You may be interested in the “logical languages”, conlangs like Lojban and Toaq.
math as perceived by mathematicians: Formulating arguments in a non-ambiguous and universal language.
math as perceived by everybody else: Writing simple ideas in an unnecessarily complicated way.
non ambiguous, universal I agree but not only. It has to be concise as possible.
Math is a weird science that I loved and hated at the same time.
Not at all, as long as it’s correct the length won’t matter. Perhaps being concise is recommended if you want people to enjoy reading your ideas.
In fact, I regularly find the more concise articles to be annoying, since it means you have to figure out the majority of the details yourself.
who don’t want to communicate his ideas?
Believe me that enough mathematicians don’t really care about communicating their ideas 
that don’t give them reason.
I’m not talking about hidden details you have to figure out as you said. I’m talking I prefer when you can generate all the theorem of a field with 5 axioms instead of 6. I prefer a well done symbol or notation (excuse my English) or a well organized demonstration.

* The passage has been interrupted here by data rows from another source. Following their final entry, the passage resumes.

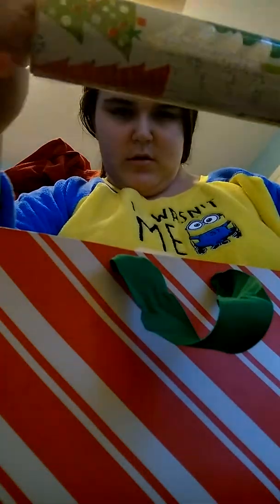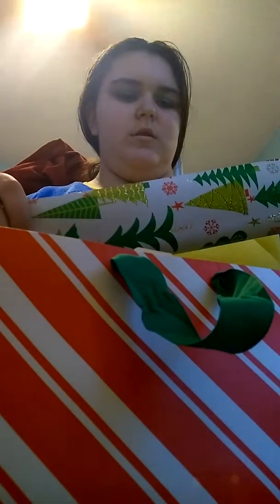I already showed y'all earlier what I got her, so I'm about to wrap it. And we got this holographic paper — this is holographic. This is so pretty.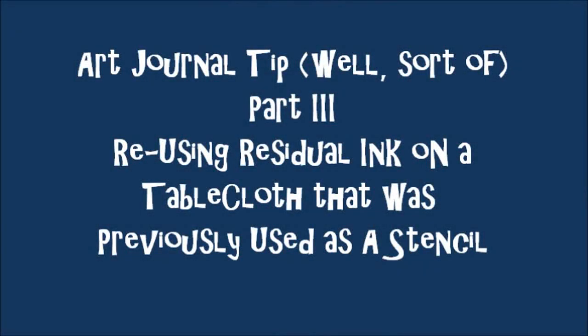Art journal tip. Part 3. Reusing residual ink on a tablecloth that was previously used as a stencil.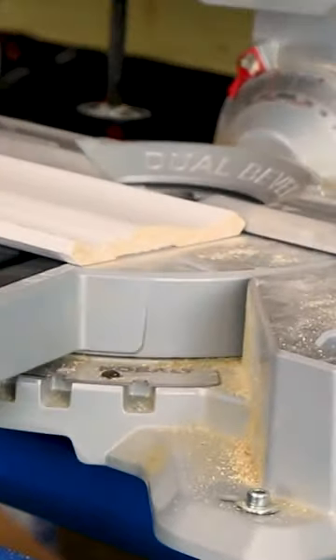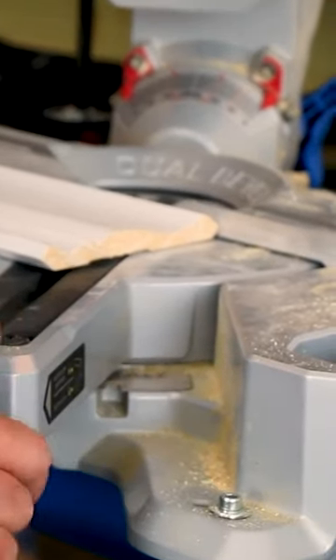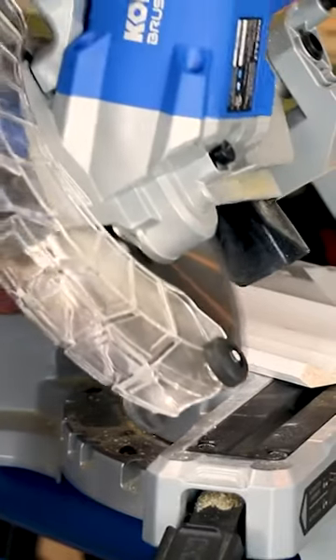We have a 90 degree angle. We're going to set our saw — the miter goes to the right at 31.6 degrees, and the bevel to the left at 33.9 degrees.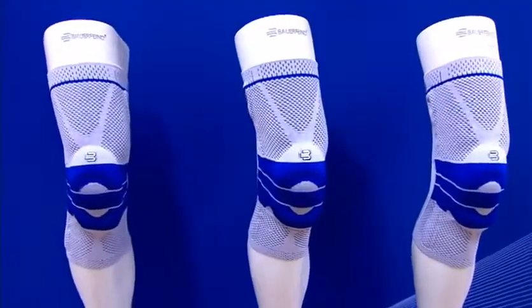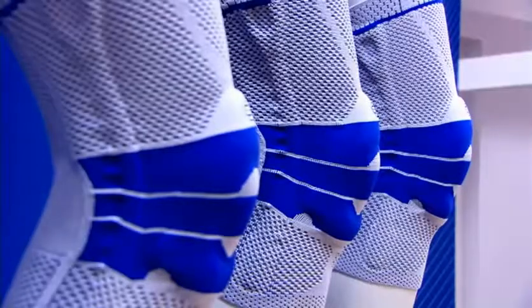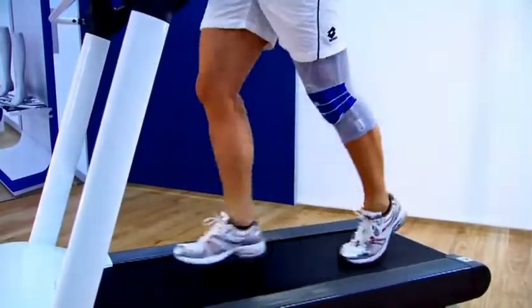The Genutrain from Bauerfeind stabilizes the knee joint, relieves joint pain, and boosts the sensory motor system and mobility. The medical effect of the active support is produced by the interaction between the anatomical contoured Omega Pad and the three-dimensional Train Active Knit.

Please don’t make even this thread about math, k thanx bye
This is indeed a good goal, since it shows that the 6th axiom is unnecessary to prove the theorem. But it generally comes at the cost that the proof becomes a whole lot more complicated, sometimes by a huge amount. (There’s even a theorem by Gödel that such statements that become enormously more complicated necessarily exist, called the speed-up theorems).
It also really depends on the application. If your 6th axiom is given anyways, why not use it then? It will only become important if you want to apply the theory to contexts where the 6th axiom is not present.

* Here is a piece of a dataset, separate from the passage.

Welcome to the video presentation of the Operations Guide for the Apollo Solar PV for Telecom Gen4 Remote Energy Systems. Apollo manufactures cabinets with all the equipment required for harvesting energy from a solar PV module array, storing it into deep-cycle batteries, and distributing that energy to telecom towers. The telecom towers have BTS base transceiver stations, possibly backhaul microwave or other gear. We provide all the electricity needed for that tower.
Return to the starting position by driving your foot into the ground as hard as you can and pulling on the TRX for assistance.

As for wanting to communicate ideas: last week’s seminar we touched upon a subject that was apparently quite developed by Woodin, except that he never wrote any papers or books about it, nor did he assign any of his students to do so. Essentially there’s this theory that several results are known from, since they were communicated in a seminar, but never really worked out anywhere in the literature. It’s not just details missing, the whole ideas themselves were never properly communicated.
Tired already? Sorry for that, but you did put yourself in it from the start.
To come back to the topic, I sincerely think that languages (not computing languages but human) are at the opposite end of maths in most aspects. Now it’s old memories and such so I would enjoy some more reading, like some epistemology of maths? Any suggestion would be greatly appreciated.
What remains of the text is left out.